Fig. 3. Long-term efficacy in 3- and 6-month repeat-dose studies in PA hypomorphic mice.

a–d 3-month study showed sustained and reproducible biomarker reductions due to dual mRNAs. PA hypomorphic mice of mixed gender were IV bolus administered 0.5 or 2 mg/kg dual mRNAs or 2 mg/kg Luc control mRNA or Tris-sucrose buffer (n = 12/group/sacrifice time point) every 3 weeks for 12 weeks. Mice were sacrificed 2 days after the first dose (day 2) and 2 days after the last dose (day 86). PCC enzyme activity in liver mitochondria (a), liver 2MC (b), and plasma ammonia (female mice only as male PA mice do not exhibit elevated ammonia levels) (c) were assessed on days 2 and 86. d Plasma primary disease biomarkers were assessed weekly throughout the 3-month study. Biomarker levels in unaffected heterozygote mice (n = 24) were <LLOQ for plasma 2MC and 3HP, and <0.13 for plasma C3/C2 ratio at all time points. e, f Amelioration of heart weight/body weight ratio and plasma CTNT levels in the 6-month study. PA hypomorphic female mice received a total of six IV bolus doses of 0.5 or 1 mg/kg dual mRNAs or 1 mg/kg Luc control mRNA (n = 6/group) at weeks 0, 7, 11, 15, 20, and 24. Mice were sacrificed 2 days after the last dose. Age-matched untreated female WT mice (n = 6) were added to the end of the study at sacrifice. Hearts were weighed and normalized to body weights (e), and plasma CTNT was assessed (f). The dotted lines indicate the mean values obtained from n = 6 untreated WT age-matched female mice. Levels of heart weight/body weight and plasma CTNT in these WT mice were 3.3 ± 0.13 mg/g and 181.1 ± 43.9 pg/mL, respectively. Data are presented as mean ± SEM. P values were obtained from Tukey’s or Dunnett’s post hoc pairwise multiple comparison test following a one-way or two-way ANOVA, and are provided in the source data. ***P < 0.001.

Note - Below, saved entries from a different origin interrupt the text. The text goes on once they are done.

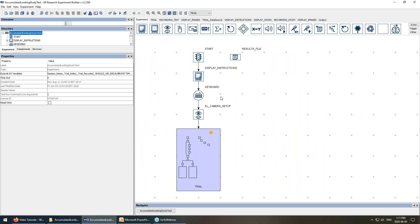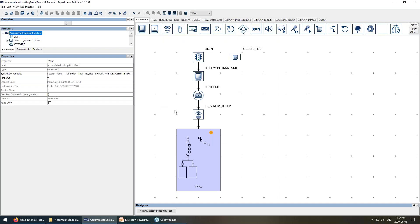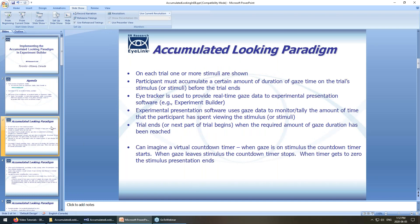Experiment Builder is a software package that allows you to design and build experiments for the behavioral and social sciences. It has a graphical user interface with different nodes you add to the graph editor, then connect to one another. When you run the experiment, it goes through the nodes in the order they're connected, so you basically build a flowchart of your experiment. Check out the video tutorial series for a more detailed background.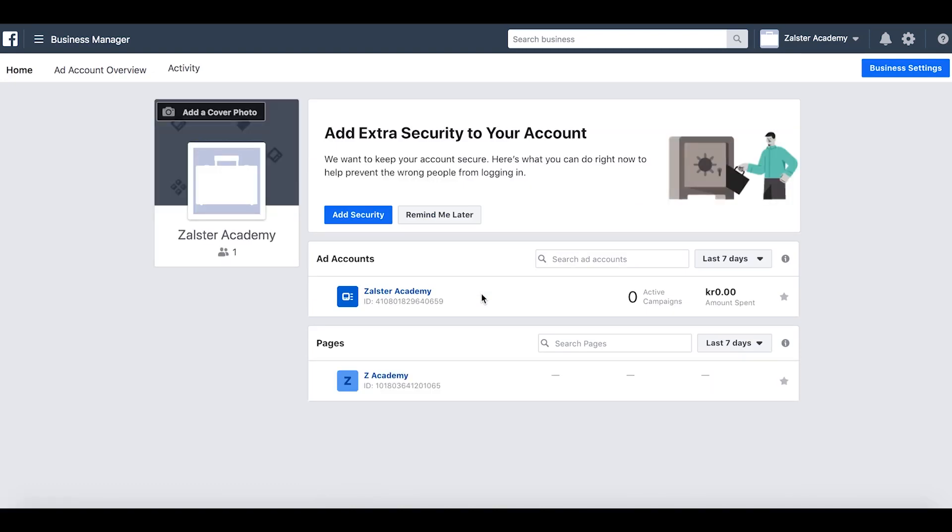So now we created an ad account and we added your existing page, and we will move on to the next step. See you there.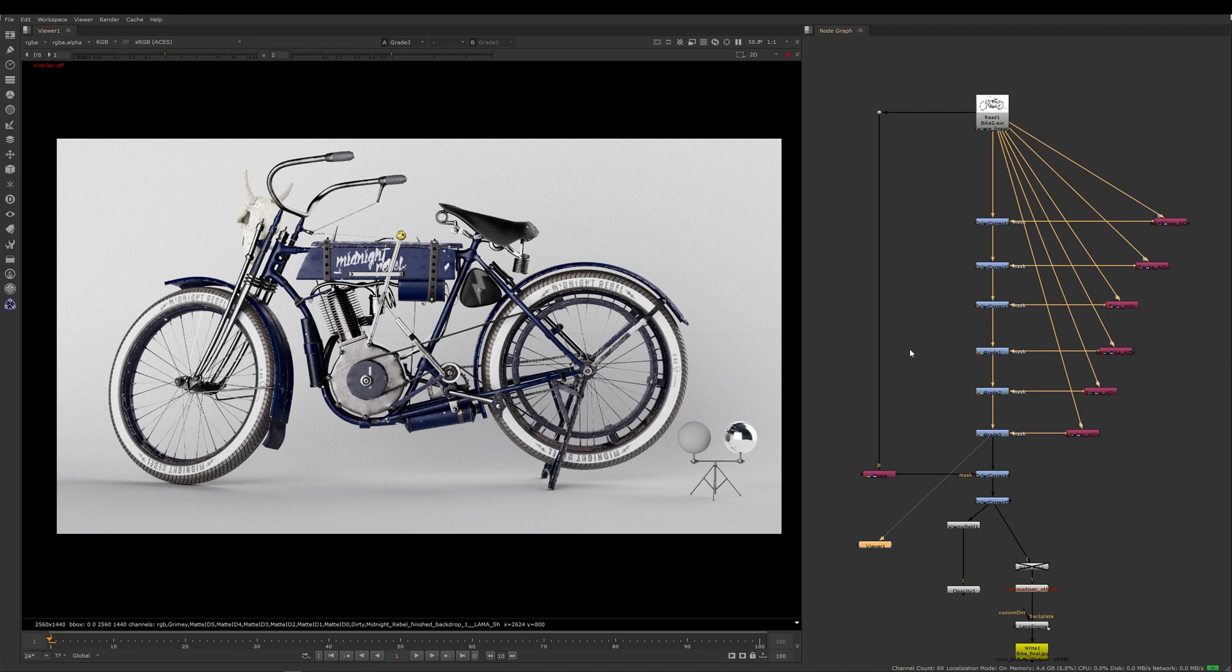So before I demonstrate to you how to set up your own Pixar T nodes in RenderMan, let me show you inside of Nuke what I've used the Pixar T AOV for.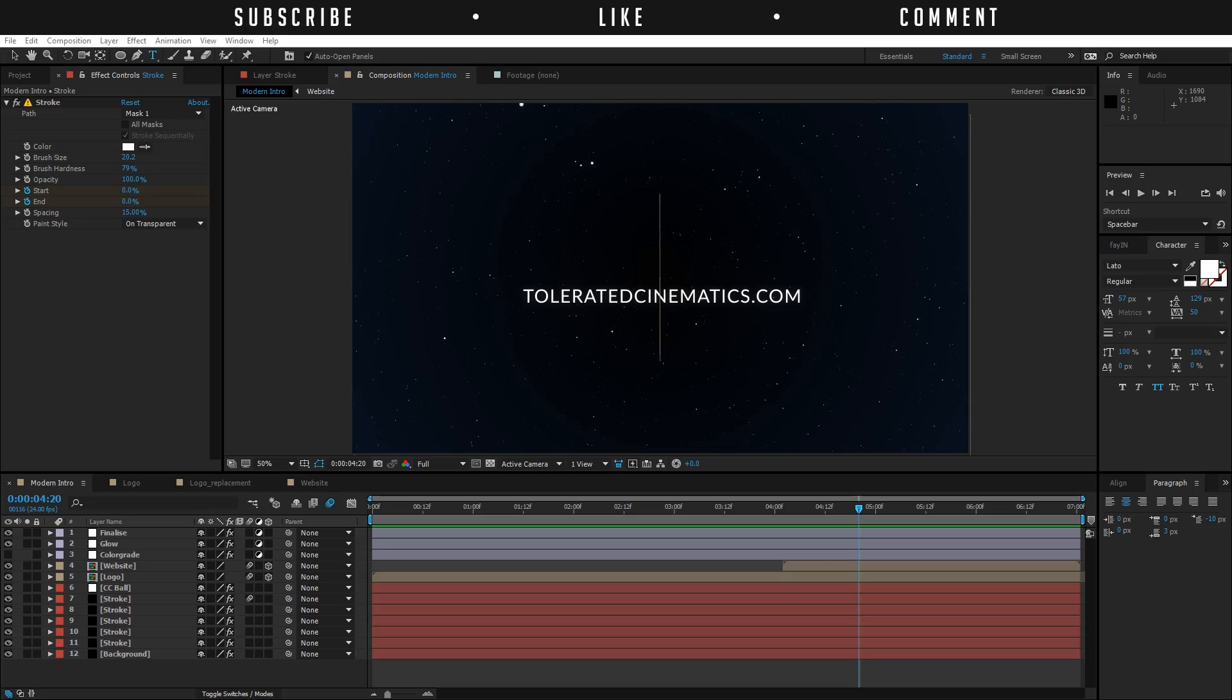Hello, I am Inez Alea from ToleratedCinematics.com and today I'll be showing you how to create this.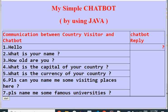Hello students, today we will learn how to make our first Java chatbot. We have taken object A as a country visitor and object B as a chatbot, so there is a communication taking place between the country visitor and the chatbot. The chatbot is replying to the questions of the country visitor. The first question is hello, so the chatbot will reply with hello or something similar.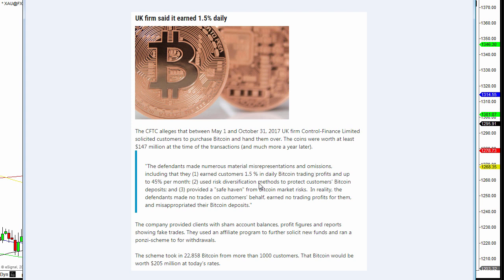The defendants made numerous material representations and omissions, including that they earned customers one and a half percent in daily Bitcoin trading profits and up to 45 percent per month. Used risk diversification methods to protect customers' Bitcoin deposits and provided a safe haven from Bitcoin market risks.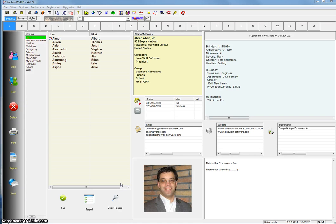Hello, I'm Patrick with Lone Wolf Software. This is a quick tutorial to show you how to use the birthday anniversary reminders option in Contact Wolf.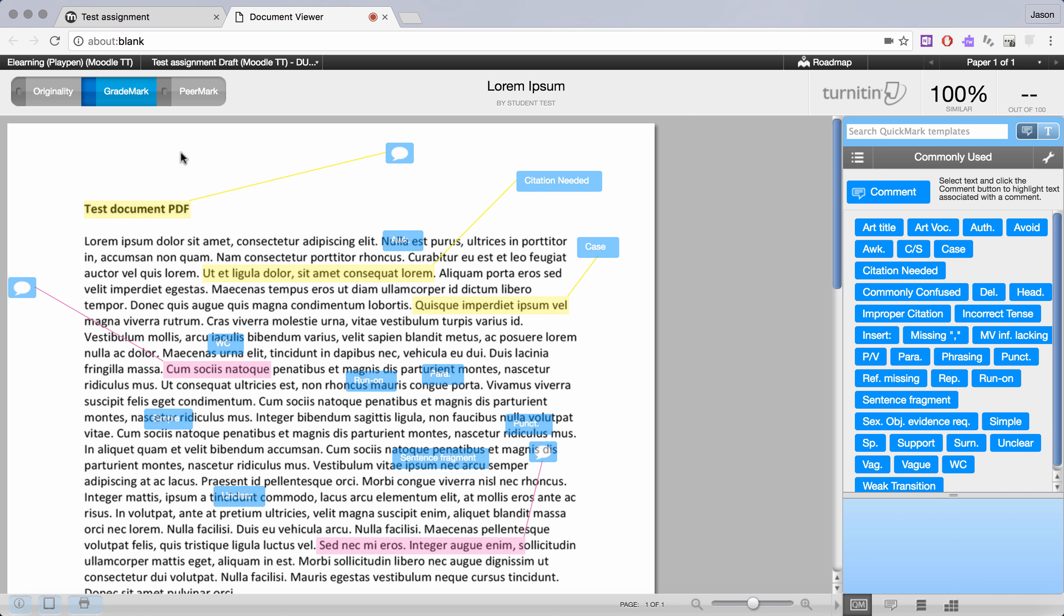To the right we have peer mark, and peer mark is where you can assign other students in the class the option to review any other students' work. This can be blind review or it can be a named review. It's a feature that we're not really using at the college at the moment. But if you'd like to speak to me about it I can show you how it works and help you set that up for your classes.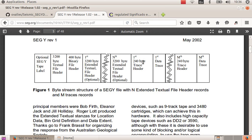Each trace has trace headers in which relevant information is stored, like for example, the X coordinate, Y coordinate, inline number, crossline number, CDP number, and so on.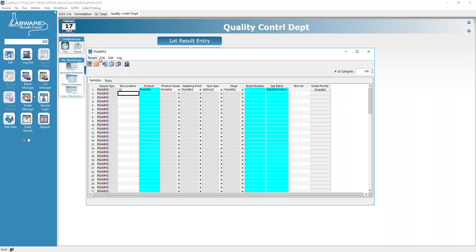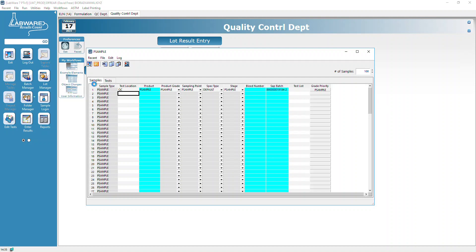At this point, I'm going to say Edit, Propagate Down. This is important. This will take that first record and paste it on all hundred records down.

Fig. 4. Dual mRNAs are well-tolerated in 3- and 6-month repeat-dose studies in PA hypomorphic mice.

a–c Select clinical chemistry parameters (serum ALT, AST, and BUN) in PA hypomorphic and unaffected mice (n = 12/group/sacrifice time point) from the 3-month study. d, e Select clinical chemistry parameters (plasma ALT and AST) in PA hypomorphic female mice (n = 6/group) from the 6-month study. The dotted lines indicate the mean values from n = 5 untreated WT age-matched female mice. Levels of plasma ALT and AST in these untreated WT mice were 65.60 ± 9.49 and 103.60 ± 14.15 U/L, respectively (one outlier was excluded). Data are presented as mean ± SEM. P values were obtained from Tukey’s post hoc pairwise multiple comparison test following a one-way or two-way ANOVA, and are provided in the source data. ***P < 0.001. ALT alanine aminotransferase, AST aspartate aminotransferase.